Here is a sample benchmark result of regexp.MatchString("a.ab$", strings.Repeat("a", M)+"b")
:
M=1000
BenchmarkRegexpBypass/DotSuffix/bypass-8 30000000 109 ns/op # New matcher implementation
BenchmarkRegexpBypass/DotSuffix/std-8 50000 69882 ns/op # Go's current standard library
BenchmarkRegexpBypass/DotSuffix/pcre-8 100000 41359 ns/op # PCRE
BenchmarkRegexpBypass/DotSuffix/rust-8 20000000 157 ns/op # Rust regexp engine
I've added more details, benchmarks and tests (with fuzzing!) to the repository. Not sure how much should be inlined here.
The obvious cons of this proposal are:
- Adding more code to the standard library
- Adding more work at compilation time.
The pros are:
- Constant-time matching for many simple regexps (relative to the size of the input string)

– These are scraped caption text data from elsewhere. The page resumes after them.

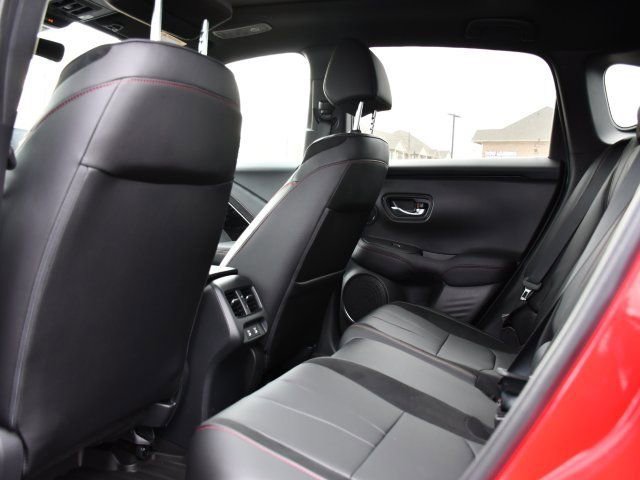 New 2025 Acura ADX A-Spec image 18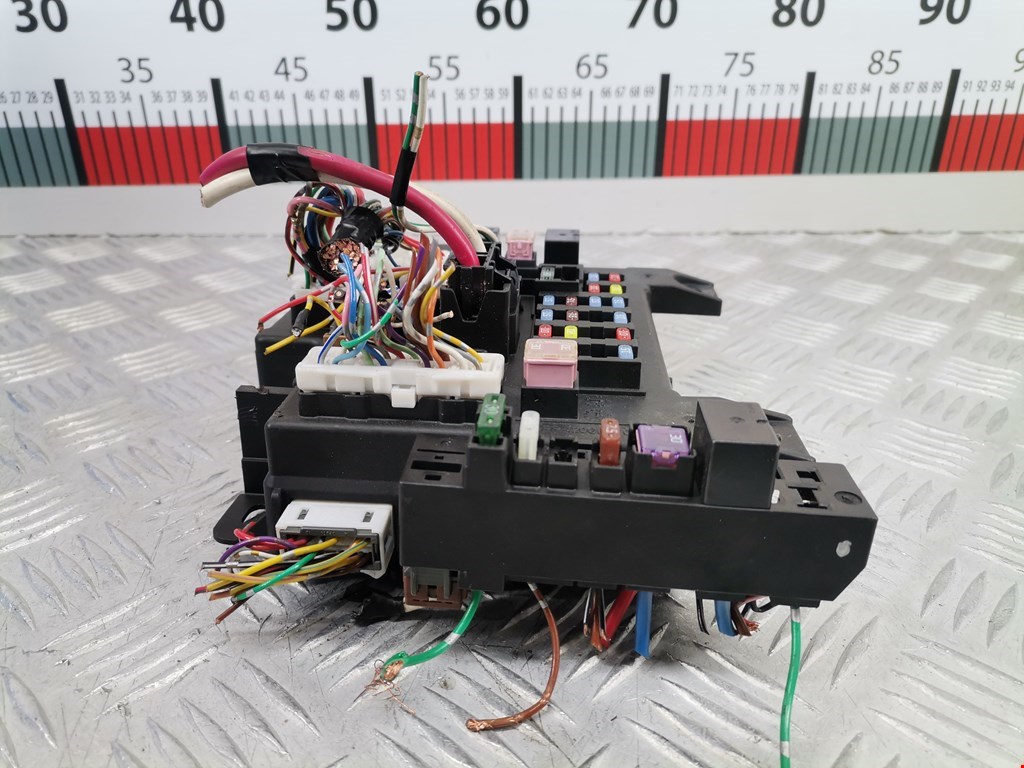 Датчик уровня в бачок омывателя MITSUBISHI Outlander XL 2006-2012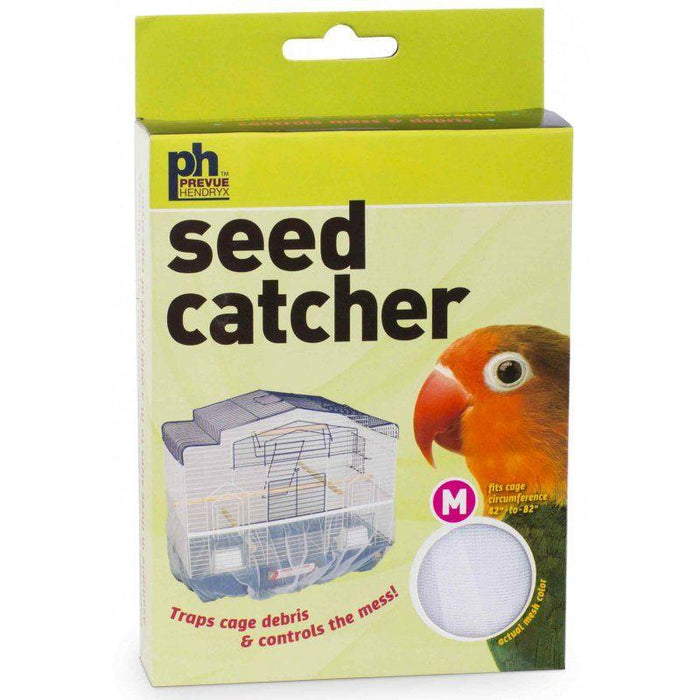 Prevue Seed Catcher - 048081008218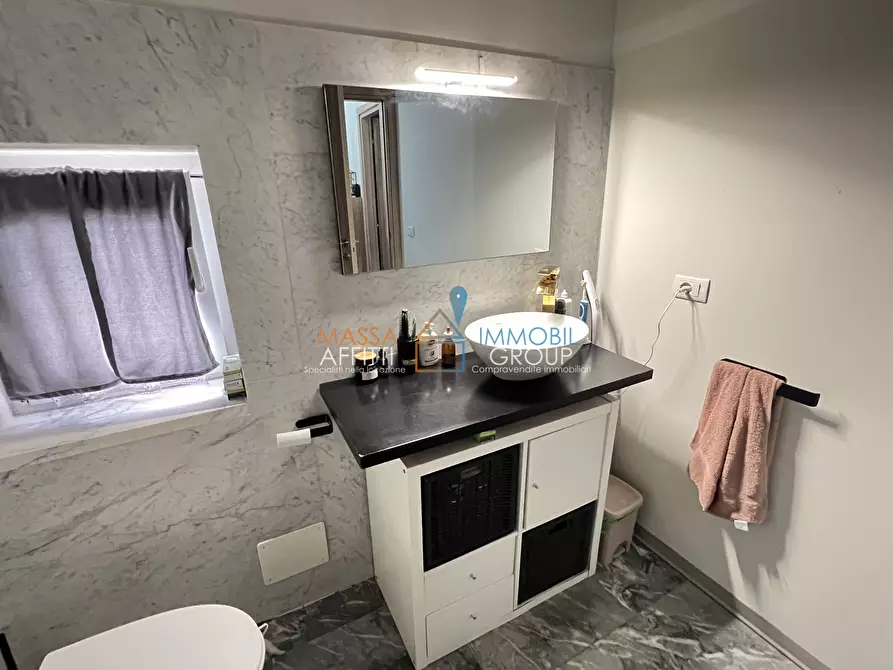 Immagine 22 di Casa indipendente in vendita  in Via della Gora 88 a Massa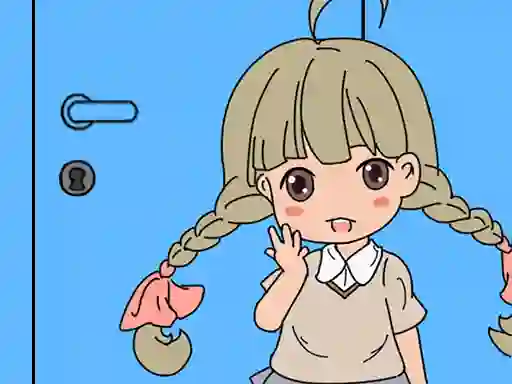 Jeu Mom locked me home en ligne
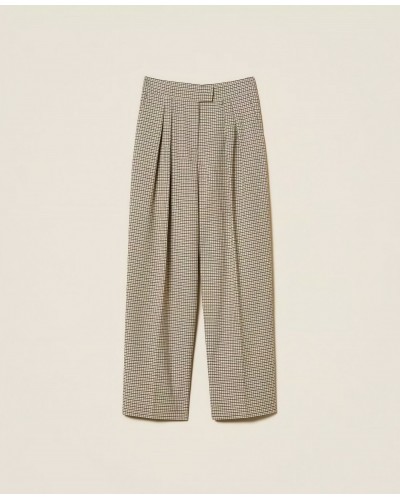 Pantaloni Donna twinset 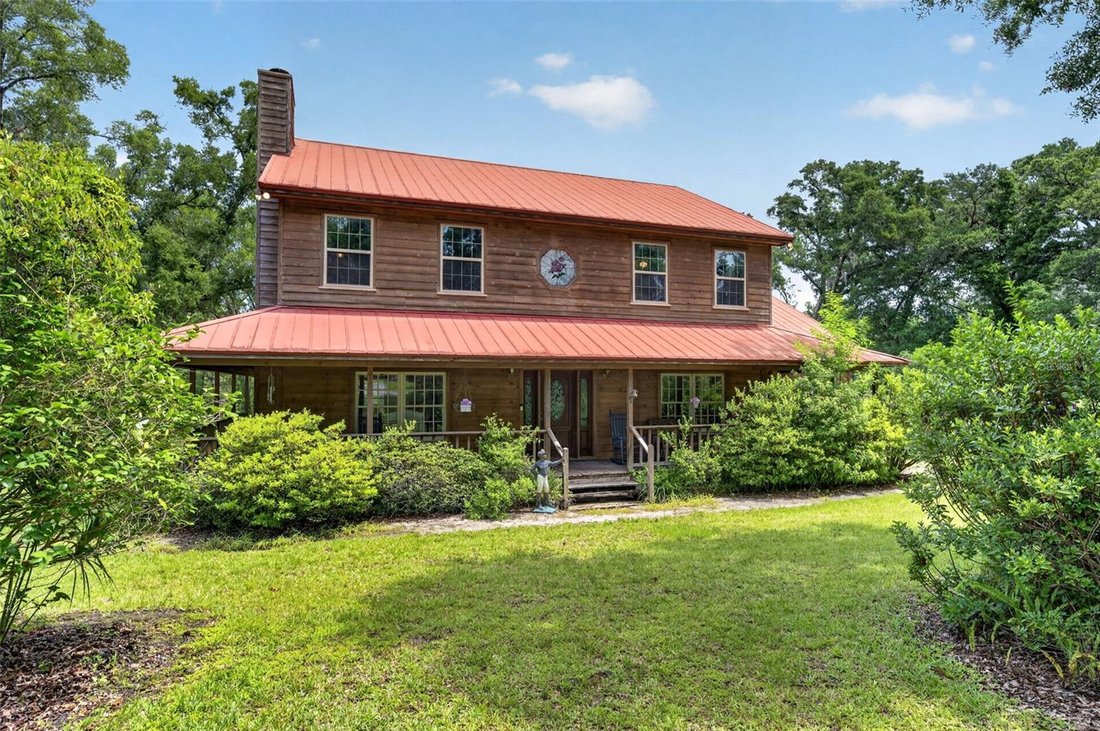 House in Eustis, Florida, United States 2 - 18131808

- No overhead for regexps that are not supported
- Go's
regexp
package is usually considered immature performance-wise. This proposal plays a small role in fixing that by adding optimizations that can reasonably be expected from the end-user. - This matcher keeps very little state and bypasses the mutex from
regexp.go
- There are already 3 different matchers in the standard library (4 with the upcoming DFA), so adding a new one for a specific kind of patterns is not surprising.
regexp.MatchString("(?:png|jpg)$")
could obviously be rewritten asstrings.HasSuffix("png") or strings.HasSuffix("jpg")
but sometimes it is not practical because the pattern to be matched is user-supplied or part of a long list of patterns. Examples include interactive log search or lists of paths in HTTP routers.- Limited risk due to exhaustive tests in the standard library and additional fuzzing
Feedback would be highly appreciated. Thanks!!